===== Supplied material

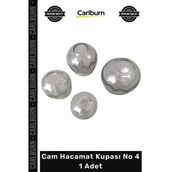 #Hacamat Profesyonel Kaliteli Vakumlu Dayanıklı Hijyenik Tıbbi Cam Hacamat Kupası No 4 1 Adet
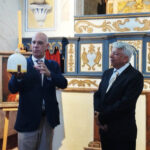 Sul Informação - Núcleo de Arte Sacra do Museu de Ferreira do Alentejo recebe doação do embaixador da Bélgica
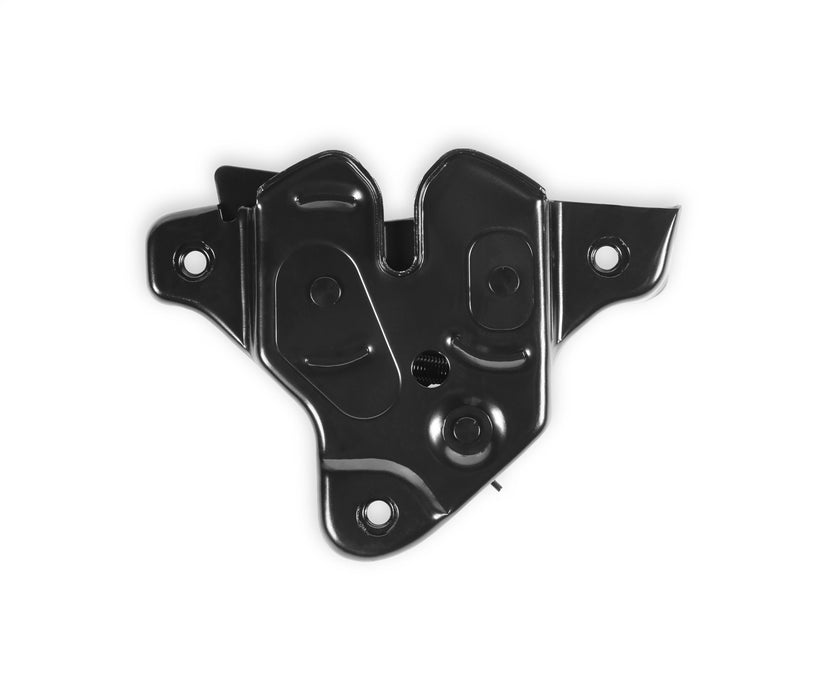 Holley 04-311 Holley Classic Truck Hood Latch; Black; EDP Coated; Stainless Steel; - Truck Part Superstore
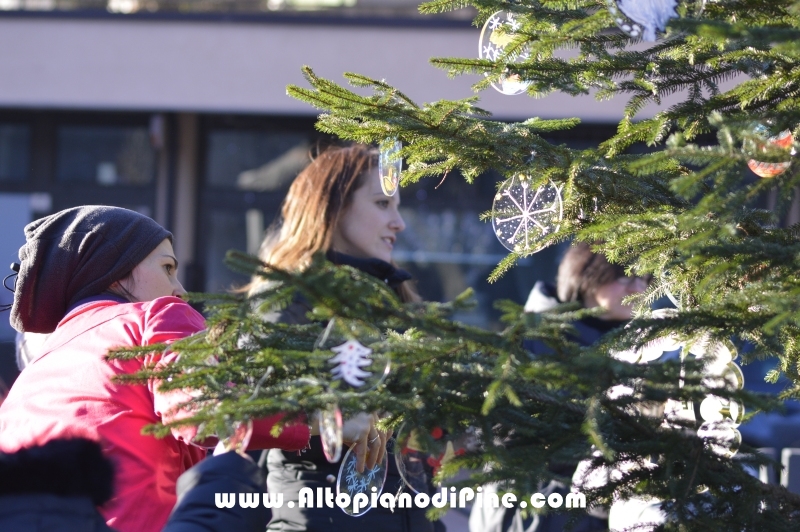 Albero di Natale della Biblioteca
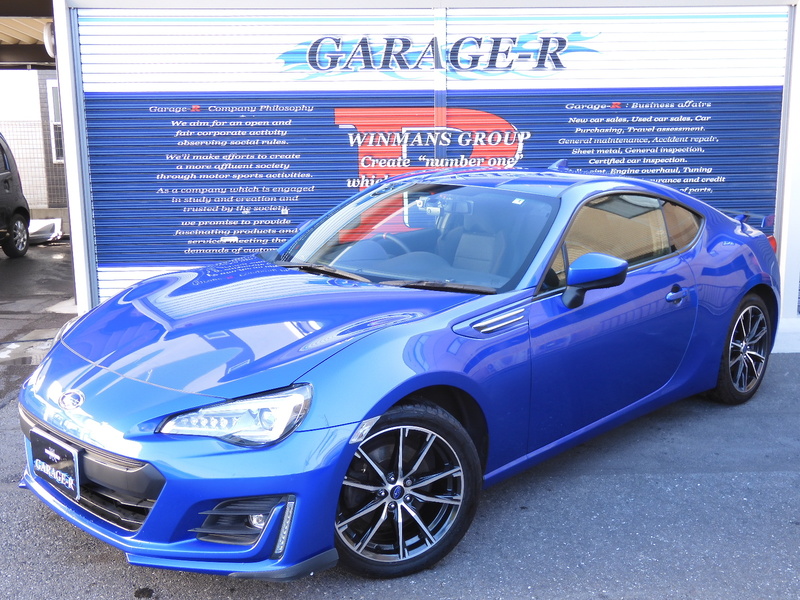 スバル BRZ S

==========

# [What you will do]
For every entry above, write it out exactly and remove any image.

# [Written response]
 #Hacamat Profesyonel Kaliteli Vakumlu Dayanıklı Hijyenik Tıbbi Cam Hacamat Kupası No 4 1 Adet
 Sul Informação - Núcleo de Arte Sacra do Museu de Ferreira do Alentejo recebe doação do embaixador da Bélgica
 Holley 04-311 Holley Classic Truck Hood Latch; Black; EDP Coated; Stainless Steel; - Truck Part Superstore
 Albero di Natale della Biblioteca
 スバル BRZ S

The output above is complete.